The Communist nation of China is a hostage holder. It kidnaps foreigners, demands ransom from their host countries in kind and brutalises the victims while at it. There are umpteen instances of China resorting to kidnapping foreign nationals. The case of Canadian nationals, Michael Spavor and Michael Kovrig being held captive by China is the best example one can provide. In exchange, the CCP has been strongarming Canada and the United States to return Huawei CFO Meng Wanzhou to China. Now, the Xi Jinping regime of China is upping its game. It is now openly threatening Americans in the United States with dire consequences for their businesses if they do not agree to serve the CCP’s purposes.
Two bills are at the centre of China’s worries. The U.S. Innovation and Competition Act (USICA), passed the Senate with bipartisan support in June and a related bill in the House of Representatives called the Eagle Act, which is more strictly policy-focused, has sent China into a tizzy. The legislations seek to boost U.S. competition with China and fund semiconductor production – both of which worsen China’s pre-existing woes to a large extent.

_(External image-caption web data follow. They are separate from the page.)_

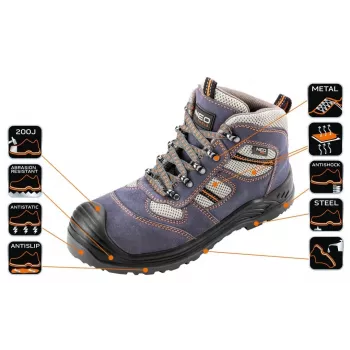 NEO TOOLS 82-046 S1P SRC drošības apavi ar tērauda purngalu un pretduršanas starpzoli, zamšādas un sieta augšdaļa, melni/pelēki, ES 39-47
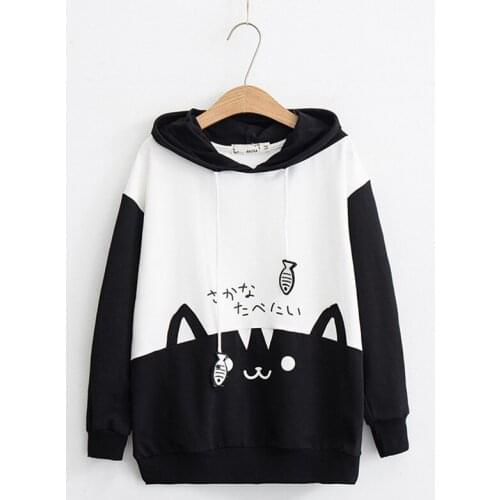 Neko Atsume Hoodie Cute Cat Backyard Kawaii Girl Cat Ears Warm Hoodies Japan Harajuku Style Student ClothesLovely Pullovers new
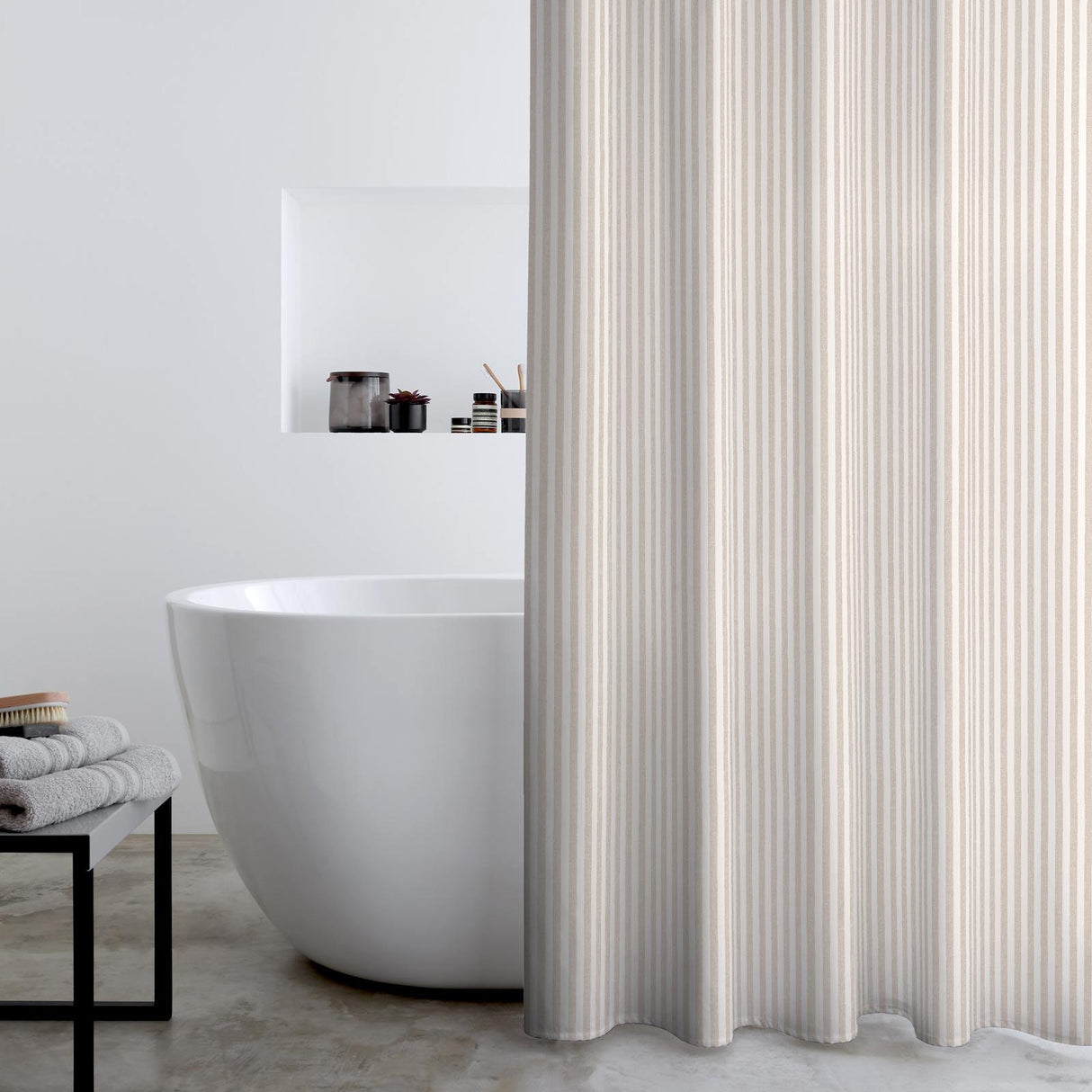 Timeless Stripe Shower Curtain Natural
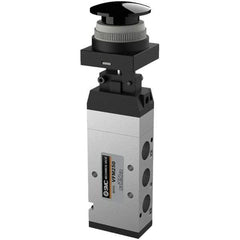 SMC PNEUMATICS - 1.00 CV Rate, 1/4" NPT Inlet Mechanical Valve - 4 Way, 5 Ports, Push Button Mushroom - USA Tool & Supply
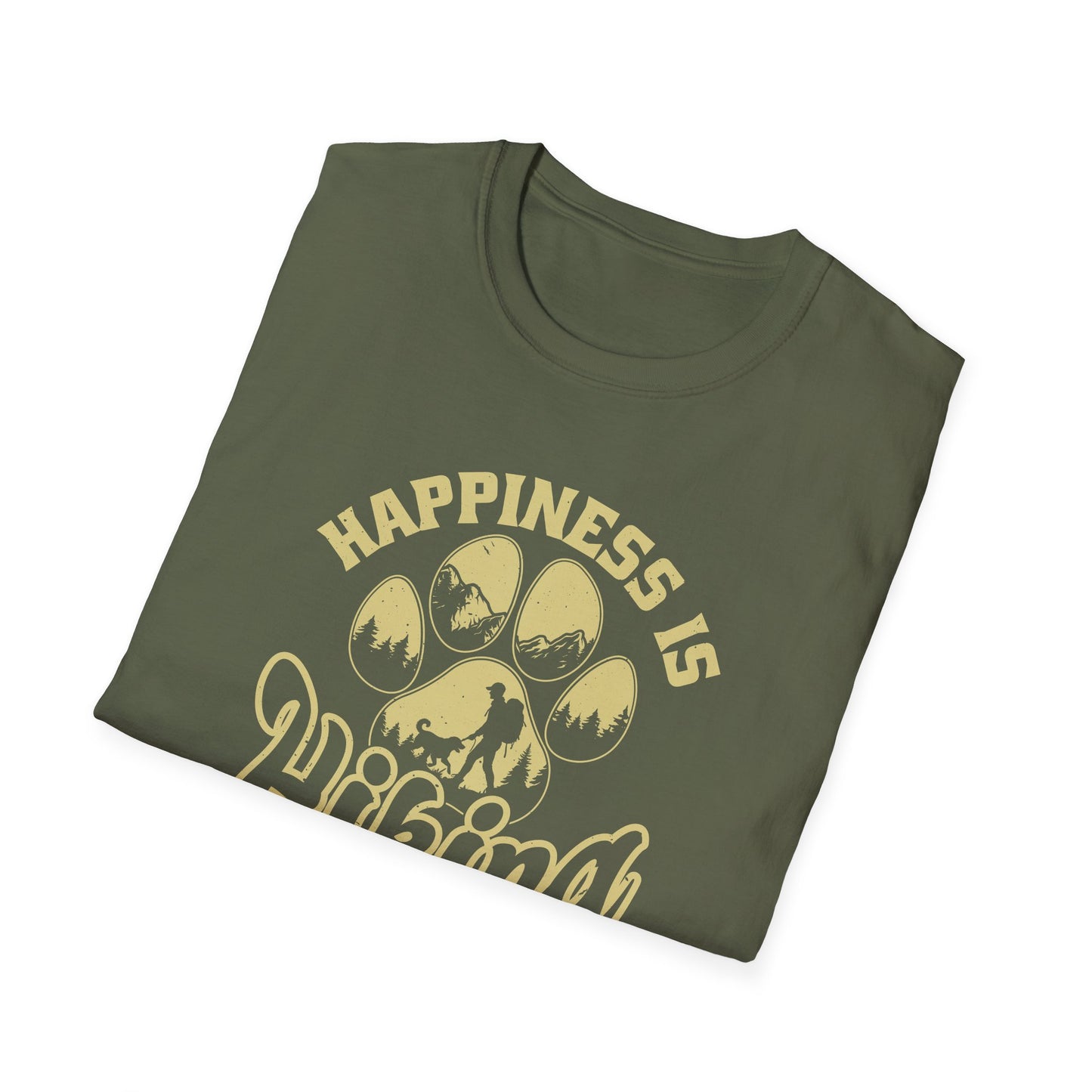Hiking with My Dog Unisex Softstyle T-Shirt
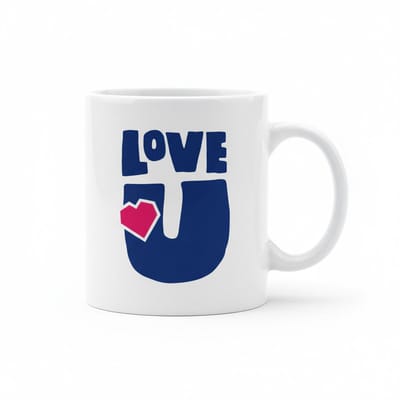 Romantische Liefde Tekst Mok 330 ml – “Love You” Hart Design Koffie- & Theemok Cadeau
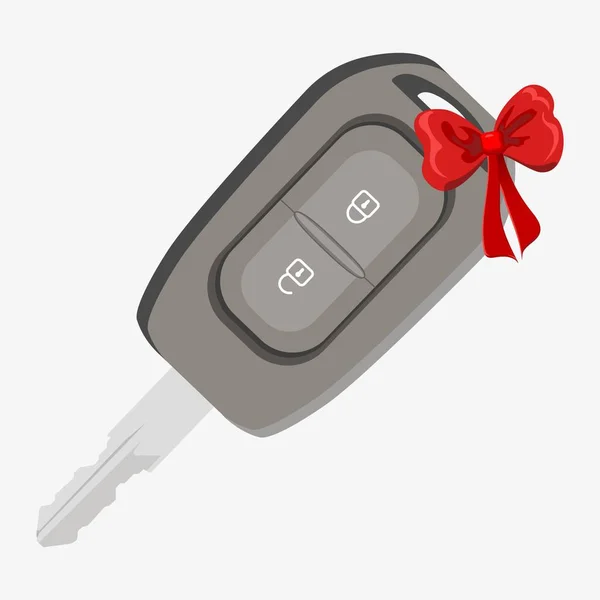 Car key wrapped with red ribbon — Stock Vector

China has openly asked top U.S. executives and business groups to initiate lobbying efforts to ensure such legislation do not see the light of day.
The letter by the Chinese embassy said, “We sincerely hope you … will play a positive role in urging members of Congress to abandon the zero-sum mindset and ideological prejudice, stop touting negative China-related bills, delete negative provisions, so as to create favorable conditions for bilateral economic and trade cooperation before it is too late.” It added, “Promoting a China-free supply chain will inevitably result in a decline in China’s demand for U.S. products and American companies’ loss of market share and revenue in China.”
U.S. Congress the Latest Target for China.
The U.S. Congress is the seat of American democracy. It represents everything American. Now, China is wanting to co-opt this institution to further its objectives. A U.S. House of Representatives committee earlier this year advanced legislation intended to boost competitiveness with China. The legislation authorises roughly $250 billion in funding for technology research, semiconductor development and manufacturing, as well as subsidies for robot makers and chipmakers amid a shortage of microchips around the world.